Incarcerated person — San Vittore, Milan

We all go to mass — atheists, Muslims, evangelicals, Sinti. Not out of faith, out of convenience: forty-five minutes outside the cage. At the end, the priest says 'go in peace.' He actually says that.

Every Sunday morning, the far end of the wing — that strip of floor in front of the shelves lined with books — transforms into a church by proxy. The fluorescent light flickers like a nervous tic, shadows swaying across the spines of criminal law manuals with faded stamps and the laminated covers of romance novels expired since 1998. The altar is a prison-service desk, draped with a crocheted doily that has seen more spilled coffee than Hail Marys, two golden cups reflecting the grey of the ceiling, and a plastic plant that tries, without succeeding, to say "hope."

To the right, the chairs are the wooden stools from the casanza, carved with initials and glued so that, on impact, they fall apart before they crack a skull; to the left, the locked cell of someone so out of control he's kept in a cell alone, all day, every day. The whole thing looked almost like an installation.

We all go to mass. Not out of faith, out of convenience: forty-five minutes outside the cage are rarer than blue-sky days in here and serve the same purpose as a clean handkerchief when your nose is bleeding. So we all go: atheists like me, Muslims who pray for real elsewhere and here count the minutes, Indians who smile with downcast eyes, Turks with straight backs, Sinti with tattooed hands, evangelicals with pockets full of memorized verses. The majority of the wing is a procession of skeptics with an alibi. Mass is a pass: just don't make noise, make up the numbers, sit down.

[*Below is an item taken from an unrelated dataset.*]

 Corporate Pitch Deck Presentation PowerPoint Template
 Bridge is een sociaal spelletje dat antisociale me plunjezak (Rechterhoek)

The priest's opening words that Sunday were unusual. That's why I included them in a letter to her, and today I copy them here: "Sunday is an important day, it's a day of celebration." He says it twice, with a pause before "celebration." I turn around, look at the faces of those listening. Attention is a thread that snaps every three seconds: everyone is savoring the only thing worth anything in here — space. Nearly three hundred square meters to cross with your gaze; I tremble now remembering that back then I considered it a form of freedom. No one registers the absurd, precise violence of that sentence. Celebration. The sound bounces off the walls and returns like stale air. Celebration.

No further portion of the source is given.